It was certainly cold and he was very wet from the snow. Arthur shivered and then shivered again. It took concentrated effort not to keep on shivering. To take his mind off it, he stood up and vigorously brushed off the snow. Not that it did much good, since the drift came up to his thighs.
“I wonder if I can freeze to death?” Arthur said aloud. Though he spoke softly, it was so quiet around him that even his own voice was a bit disturbing. So was the question. He knew that he couldn’t die of hunger or thirst in the House, and that the Fourth Key would to some degree protect him from physical threats, though not from pain and suffering. But he was still mortal and he was feeling very cold indeed.
Thinking of the Fourth Key made Arthur slap his side in a sudden panic, the panic immediately replaced with relief as his hand touched the baton. It hadn’t fallen out, which was a very good thing, since he’d never be able to find it under all the snow.
It also made him feel better to know that even if he had been transported into a trap, he had a weapon. Not that he planned to use the sorcerous powers of the Key, but the baton could turn into a sword and he could certainly use that, after all his training at Fort Transformation and the battle with the New Nithlings.
Arthur frowned. He hadn’t wanted to remember the battle. It was bad enough having nightmares about it, without having sudden flashes of memory from that fight forcing everything else out of his head. He didn’t want to relive the sights and sounds and emotions of that day.
He shivered again, as much at the memory as from the cold. He looked around again. He had to find shelter, and quickly, and there was no obvious direction to walk in. Or
wade
in, since the snow was so deep.
“That’s as good as any,” said Arthur to himself as he looked towards where he thought the snow and low cloud cover were a little clearer than elsewhere. He tucked the transfer plate inside his coat, took four clumsy steps, then stopped and stood completely still, his heart racing.
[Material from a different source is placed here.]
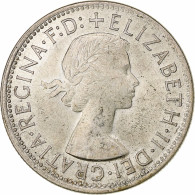 Australie, Elizabeth II, Florin, Royal Visit, 1954, Melbourne, Billon, TTB - Florin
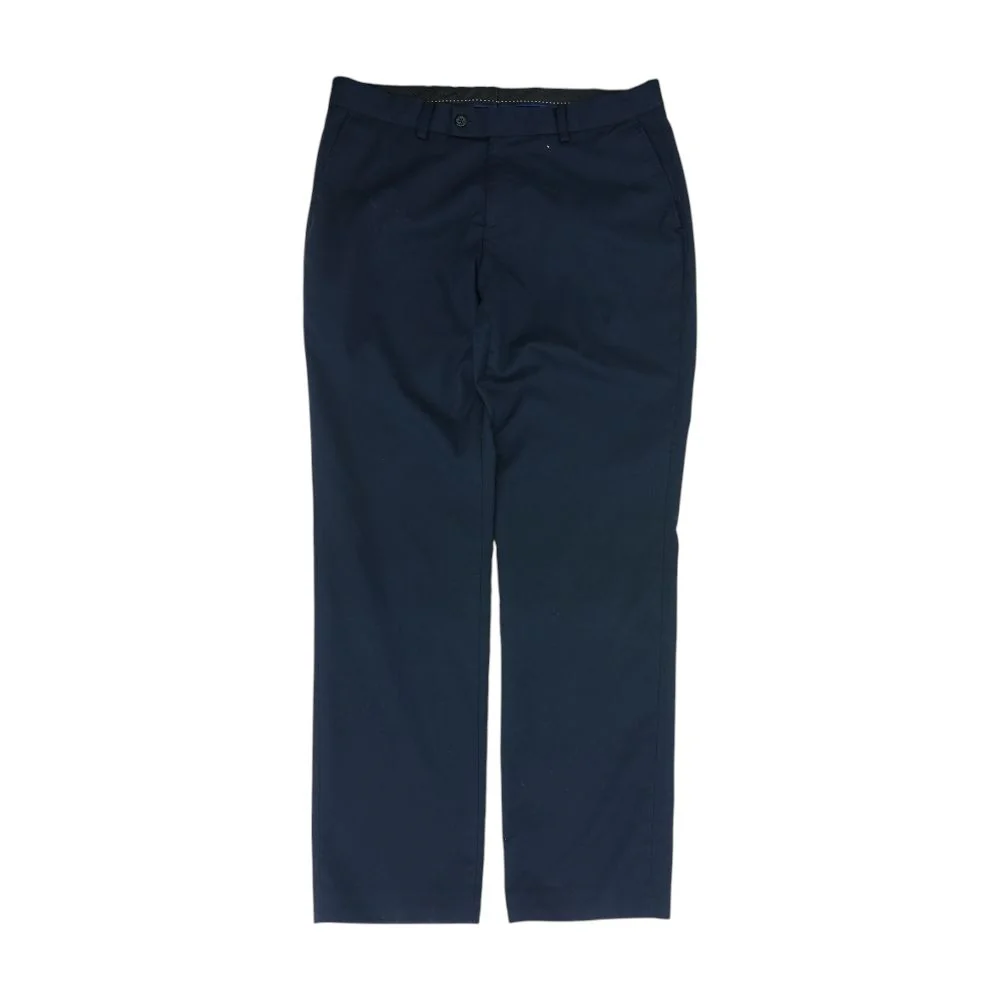 Navy Solid Dress Pants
There were dark shapes emerging out of the snow some fifty yards ahead, at the limit of visibility. Familiar, but totally unwelcome shapes. Man-sized, wearing dark, very old-fashioned suits, topped with bowler hats. Arthur couldn’t see their faces, but he knew they’d be as ugly and bejowled as a bloodhound’s—the dog-faces of Nithling servants.
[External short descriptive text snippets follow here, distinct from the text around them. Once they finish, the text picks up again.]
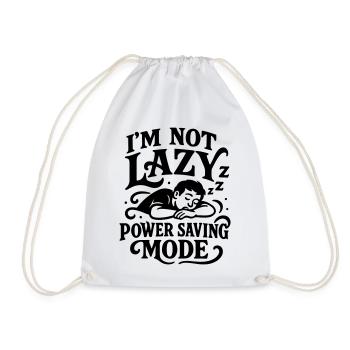 Lazy Lazy Shirt Funny Saying Funny Kids School - Drawstring Bag - white - Front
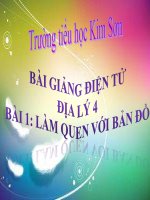 Bài giảng địa lý 4 bài 1 làm quen với bản đồ 1 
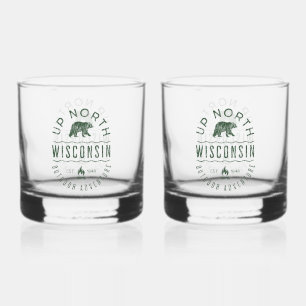 Up North Wisconsin Whiskyglas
“Fetchers!” whispered Arthur; without conscious thought, the Fourth Key was in his hand, an ivory baton stretching out as it transformed into a silver-bladed rapier.
There were six of the Nithlings in sight. They hadn’t seen Arthur yet, or smelled him, since there was no wind.
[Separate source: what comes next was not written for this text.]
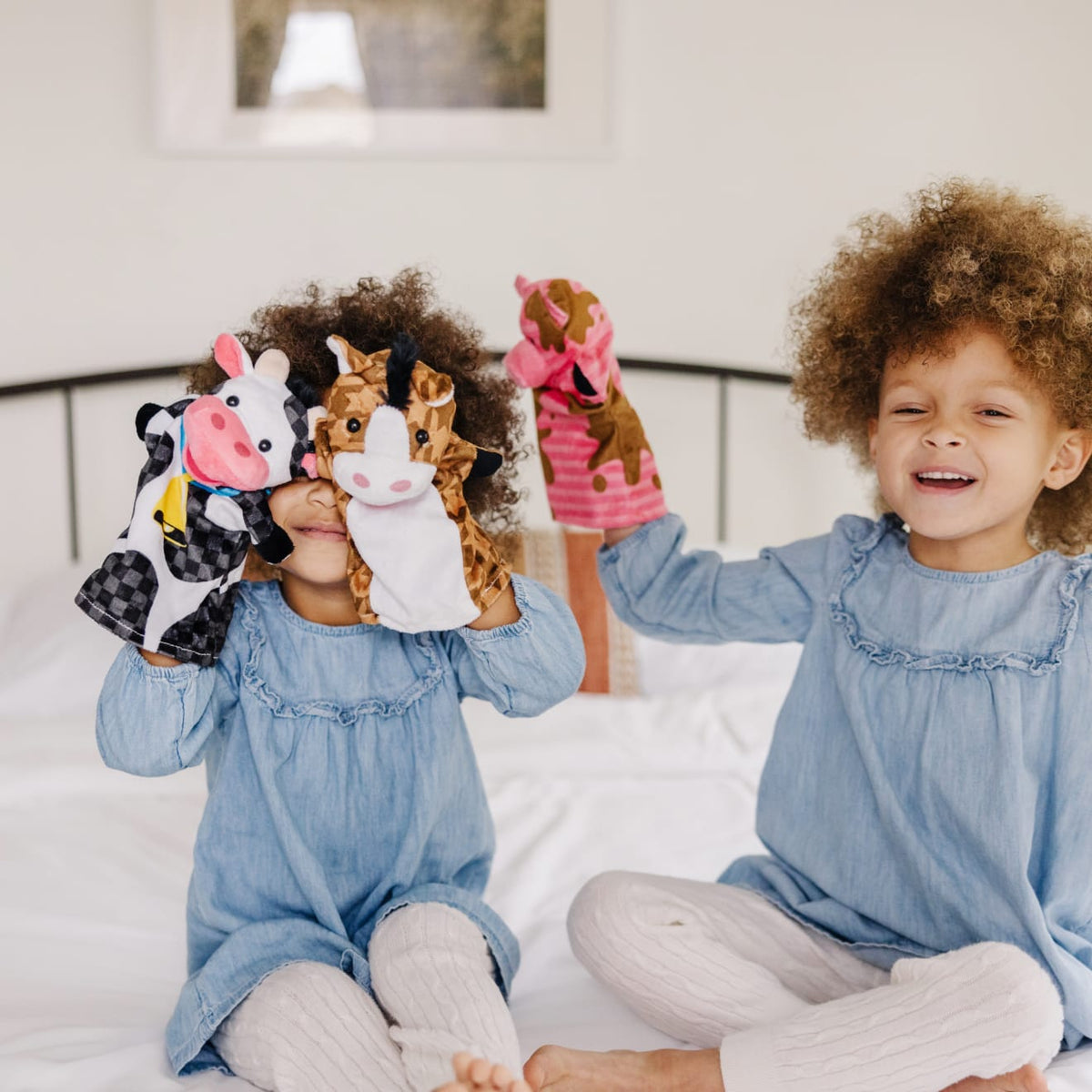 Educational Farm Friends Hand Puppets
He watched them, weighing his plan of attack. If he moved against the two on the right, he could probably get them both before the others reacted. It would only take the slightest touch from the Key to banish them back to
Nothing, and then he could charge the next one along ....
More Fetchers came into sight behind the first six. A long line of Fetchers, at least fifty of them. Arthur lowered his sword and looked behind him, checking his line of retreat. There were too many Fetchers. He might destroy a dozen and the rest would still pull him down. The Key might do something to protect him then, or he could use its full power to blast the Nithlings from a distance, but that was an absolute last resort. Arthur’s humanity was almost as precious to him as his life. If he became a Denizen there would be no hope of any return to his family ... if he had a family to return to ....
Arthur quelled these dismal thoughts and quickly stamped through the snow, away from the Fetchers. At least they were walking slowly, more impeded by the snow than he was, their squat, lumpy bodies sinking farther into the drifts.
They were also looking for something, Arthur saw when he paused to glance back. The first lot of six were an advance guard, but the line behind was a search party, with the Fetchers looking down and even rummaging in the snow every now and then.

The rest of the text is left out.